Ericsson is best known as an equipment vendor for the world's telecom service providers, but it's providing its technology for something else too: good.
Through the Swedish company's Technology for Good program, Ericsson AB (Nasdaq: ERIC) uses its resources and the skills of its staff to tackle social, economic or humanitarian issues in developing markets across the globe. It's not philanthropy so much as it is using mobile broadband to achieve a specific outcome, according to the woman in charge. (See Ericsson Lauds ICT's Potential.)
Elaine Weidman-Grunewald, Ericsson's vice president of sustainability and corporate responsibility, is charged with finding ways that Information and Communication Technology (ICT) can be used to address global challenges like poverty, development, climate change and human rights all across the globe. (See Ericsson Delivers Cloud to African Villages and Myanmar: The Next Big Deal?)
She's also leading the charge on Connect to Learn, Ericsson's program focused specifically on encouraging secondary education and technology usage amongst young girls, who often tend to drop out after elementary school in many emerging markets. She has helped grow the program from where it started in rural Africa to 22 additional countries. The latest programs, countrywide deployments in Tanzania and Myanmar, will graduate 12,000 girls in the next two years.
Weidman-Grunewald caught up with Light Reading to share more on the work Ericsson is doing to promote education and technology usage amongst young women, who she says could be future potential employees for Ericsson. In the short Q&A that follows, she also shares her point of view as a female leader in the comms industry with 14 years of experience at Ericsson and a job that reports directly to CEO Hans Vestberg.
Light Reading: What is the number one challenge for women in comms that is different from the challenges faced by men? What was your biggest hurdle?
Elaine Weidman-Grunewald: I think the one number one challenge in the ICT sector is that it's male-dominated. It is roughly 80/20 across the board, but some companies are better than others. That's a challenge in and of itself. On the one hand, it's the male-to-female ratio from an employee point of view, but then also if you look at board and executive positions, it's more challenging.
For a lot of women, it's very challenging to have a career and family and sometimes they say "forget it." Companies need to do much more to retain women and make it easier to have a family and take care of them. Sweden is unique with generous parental benefits, however, it is really important how the company works with mothers returning from leave and understanding the long-term benefits of supporting work-life balance. I had a year-and-a-half off with each of my children and was able to re-enter and continue my career path after the maternity break.
The challenge of course is that women who have been off are competing with men who have continued their careers without a break. It's also a personal responsibility for women taking a break in their careers to keep up with what is happening at work and in the industry to make the transition back to the workforce as quickly as possible.
LR: What is the biggest advantage to being a woman in the comms industry?
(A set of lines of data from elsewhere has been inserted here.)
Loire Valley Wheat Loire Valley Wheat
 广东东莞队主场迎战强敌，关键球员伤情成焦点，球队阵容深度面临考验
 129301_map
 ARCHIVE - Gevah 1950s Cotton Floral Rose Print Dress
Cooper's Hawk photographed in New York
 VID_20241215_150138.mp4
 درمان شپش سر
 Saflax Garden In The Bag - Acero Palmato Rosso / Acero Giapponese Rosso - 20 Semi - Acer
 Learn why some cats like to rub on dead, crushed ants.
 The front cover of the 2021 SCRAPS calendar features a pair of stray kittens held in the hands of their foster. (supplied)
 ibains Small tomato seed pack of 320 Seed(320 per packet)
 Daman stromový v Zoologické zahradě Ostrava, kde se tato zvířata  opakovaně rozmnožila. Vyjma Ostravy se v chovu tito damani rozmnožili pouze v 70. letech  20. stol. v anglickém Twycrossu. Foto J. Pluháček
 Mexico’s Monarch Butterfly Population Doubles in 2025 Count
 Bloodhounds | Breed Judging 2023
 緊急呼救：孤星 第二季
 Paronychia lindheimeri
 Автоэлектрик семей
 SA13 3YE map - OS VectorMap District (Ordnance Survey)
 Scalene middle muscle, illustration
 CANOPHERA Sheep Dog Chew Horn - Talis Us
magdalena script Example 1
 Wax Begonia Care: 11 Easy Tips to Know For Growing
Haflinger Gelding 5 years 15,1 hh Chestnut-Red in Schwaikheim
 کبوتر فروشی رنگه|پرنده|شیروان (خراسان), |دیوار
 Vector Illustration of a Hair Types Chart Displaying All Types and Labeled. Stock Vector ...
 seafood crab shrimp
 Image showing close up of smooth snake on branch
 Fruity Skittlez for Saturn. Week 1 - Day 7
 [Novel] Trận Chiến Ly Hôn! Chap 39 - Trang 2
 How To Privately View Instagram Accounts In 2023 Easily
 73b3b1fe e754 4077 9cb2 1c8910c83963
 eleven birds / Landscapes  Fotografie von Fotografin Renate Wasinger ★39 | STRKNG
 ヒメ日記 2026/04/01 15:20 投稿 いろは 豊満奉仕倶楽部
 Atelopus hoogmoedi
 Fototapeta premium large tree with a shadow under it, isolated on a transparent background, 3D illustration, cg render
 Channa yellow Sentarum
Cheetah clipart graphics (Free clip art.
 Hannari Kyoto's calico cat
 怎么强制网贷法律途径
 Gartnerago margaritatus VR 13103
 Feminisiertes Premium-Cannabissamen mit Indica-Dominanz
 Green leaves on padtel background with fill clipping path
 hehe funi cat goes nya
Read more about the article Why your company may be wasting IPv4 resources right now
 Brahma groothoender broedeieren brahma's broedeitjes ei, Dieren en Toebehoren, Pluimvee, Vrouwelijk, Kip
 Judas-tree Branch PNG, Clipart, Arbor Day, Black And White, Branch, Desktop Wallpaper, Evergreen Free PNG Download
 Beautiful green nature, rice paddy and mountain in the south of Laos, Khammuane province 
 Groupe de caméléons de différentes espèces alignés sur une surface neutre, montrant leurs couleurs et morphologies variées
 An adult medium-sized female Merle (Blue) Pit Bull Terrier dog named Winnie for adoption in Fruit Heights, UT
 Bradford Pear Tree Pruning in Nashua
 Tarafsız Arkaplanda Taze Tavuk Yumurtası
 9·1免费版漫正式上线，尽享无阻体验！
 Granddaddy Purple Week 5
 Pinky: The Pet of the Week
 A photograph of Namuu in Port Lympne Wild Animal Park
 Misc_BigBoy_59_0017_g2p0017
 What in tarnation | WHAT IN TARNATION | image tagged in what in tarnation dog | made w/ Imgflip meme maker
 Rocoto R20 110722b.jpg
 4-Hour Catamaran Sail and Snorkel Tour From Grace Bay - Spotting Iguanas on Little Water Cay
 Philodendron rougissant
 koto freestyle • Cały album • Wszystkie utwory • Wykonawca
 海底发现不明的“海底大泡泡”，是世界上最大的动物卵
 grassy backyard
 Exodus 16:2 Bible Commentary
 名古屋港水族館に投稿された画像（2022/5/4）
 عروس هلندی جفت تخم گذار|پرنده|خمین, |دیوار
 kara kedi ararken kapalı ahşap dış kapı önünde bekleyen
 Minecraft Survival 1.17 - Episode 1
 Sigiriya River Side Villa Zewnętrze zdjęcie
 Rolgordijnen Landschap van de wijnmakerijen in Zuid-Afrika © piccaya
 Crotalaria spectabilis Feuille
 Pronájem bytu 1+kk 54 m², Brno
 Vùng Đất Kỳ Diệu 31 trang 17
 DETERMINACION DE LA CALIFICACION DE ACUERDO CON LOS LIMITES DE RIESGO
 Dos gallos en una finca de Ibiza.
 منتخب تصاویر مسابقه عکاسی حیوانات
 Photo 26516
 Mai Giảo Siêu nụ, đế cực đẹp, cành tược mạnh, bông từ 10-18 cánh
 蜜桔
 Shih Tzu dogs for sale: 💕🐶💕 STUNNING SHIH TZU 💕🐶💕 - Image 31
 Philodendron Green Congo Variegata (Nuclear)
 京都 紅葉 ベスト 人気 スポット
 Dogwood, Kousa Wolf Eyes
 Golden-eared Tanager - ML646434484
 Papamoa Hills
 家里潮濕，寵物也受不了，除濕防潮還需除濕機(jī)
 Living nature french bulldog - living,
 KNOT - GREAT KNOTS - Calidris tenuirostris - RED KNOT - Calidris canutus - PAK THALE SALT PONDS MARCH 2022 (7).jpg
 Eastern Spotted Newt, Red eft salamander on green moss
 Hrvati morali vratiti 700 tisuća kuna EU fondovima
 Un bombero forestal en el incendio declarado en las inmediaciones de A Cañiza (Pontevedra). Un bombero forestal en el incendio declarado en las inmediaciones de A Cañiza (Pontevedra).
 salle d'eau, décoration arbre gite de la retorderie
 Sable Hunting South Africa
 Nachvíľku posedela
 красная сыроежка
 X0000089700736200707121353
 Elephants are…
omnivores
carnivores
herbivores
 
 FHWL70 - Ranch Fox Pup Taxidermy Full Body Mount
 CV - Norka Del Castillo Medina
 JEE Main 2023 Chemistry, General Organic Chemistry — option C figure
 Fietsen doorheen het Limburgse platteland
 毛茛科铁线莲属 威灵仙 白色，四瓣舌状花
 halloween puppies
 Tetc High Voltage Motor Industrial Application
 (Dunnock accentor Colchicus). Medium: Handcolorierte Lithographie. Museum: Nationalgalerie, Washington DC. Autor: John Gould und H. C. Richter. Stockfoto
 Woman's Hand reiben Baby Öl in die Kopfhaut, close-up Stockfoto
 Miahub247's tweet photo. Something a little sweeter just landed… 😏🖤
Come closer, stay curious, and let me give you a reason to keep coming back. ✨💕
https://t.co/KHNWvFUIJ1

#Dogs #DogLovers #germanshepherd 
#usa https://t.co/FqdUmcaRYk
EWG:The industry is very technically focused and that meant that historically there was a larger male talent pool, and therefore a gender imbalance in the workforce. However, now we are beginning to see gender balance at the university level, so now the challenge is to reflect this in the industry recruitment and talent development.
Ericsson is a very special company. Our current CEO has done amazing things to promote diversity and women in leadership. I feel privileged to be one of Ericsson's global leaders and to help drive this change.
LR: How can we, as an industry, encourage more young girls to enter -- and stay in -- the comms or STEM space?
EWG: You have to start all the way back at the education level to get more girls in engineering and technology. We have to start much earlier and break any stereotypes that still exist. Even at a young age, it's important for girls to have role models they can identify with and aspire to be.
LR: Are there any programs you or your organization is involved with that you'd like to highlight?
EWG: [In addition to Technology for Good], we focus on secondary education because when the Millennium Development Goals were first set, there was a global focus on primary education but no one was looking at secondary and how to retain and keep girls in school. That's the age when students start to more actively use technology. We don't exclude boys, but the focus was on young women and girls of high school age. The real goal was to see how we could use mobile broadband, simplified cloud solutions to improve access to Internet in schools, but also to improve the quality of education. Today we have it in 22 countries, starting in Africa, and now in Chile, Brazil, Mexico, India, Myanmar and starting to look at the US, but we haven't publicly announced anything there.
We see broad interest in the program and we typically partner with the mobile operators in order to get a good data package for the schools, sometimes free or discounted. We're trying to open up access bandwidth and focusing on how to provide a solution that's really maintenance-free, easy to use and so on.
LR: As a leader, what is the number one piece of personal advice you would give to help women achieve their goals in a male-dominated field?
EWG: Just go for it and don't be intimidated by competition. Find an area that you are passionate about and go for it. Don't drop out.
I think another good piece of concrete advice is to find a good female mentor. I think in a male-dominated industry, it's really good to have a female mentor who can help advise and coach you based on her experiences in tackling career and work-life balance issues.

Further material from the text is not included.